Directions for this task
Lines to return, exactly: from the line with "Abs 2011-2021 White" to the line with "Φωτογραφία προϊόντος: BORMANN" in the entries below, both included.

Entries shown

....

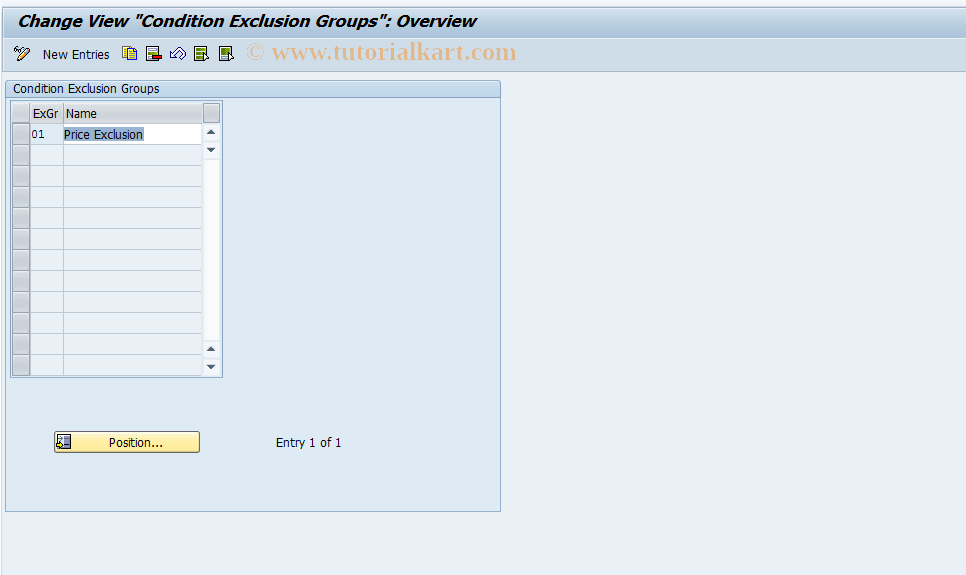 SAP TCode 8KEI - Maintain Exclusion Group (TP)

....

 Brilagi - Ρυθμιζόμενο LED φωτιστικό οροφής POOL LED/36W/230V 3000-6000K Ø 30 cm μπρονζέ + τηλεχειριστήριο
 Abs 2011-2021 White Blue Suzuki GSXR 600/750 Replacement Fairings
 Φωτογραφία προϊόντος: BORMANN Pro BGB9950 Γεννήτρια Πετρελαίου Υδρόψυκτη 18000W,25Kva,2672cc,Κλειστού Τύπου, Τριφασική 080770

....

Reply to the task
 Abs 2011-2021 White Blue Suzuki GSXR 600/750 Replacement Fairings
 Φωτογραφία προϊόντος: BORMANN Pro BGB9950 Γεννήτρια Πετρελαίου Υδρόψυκτη 18000W,25Kva,2672cc,Κλειστού Τύπου, Τριφασική 080770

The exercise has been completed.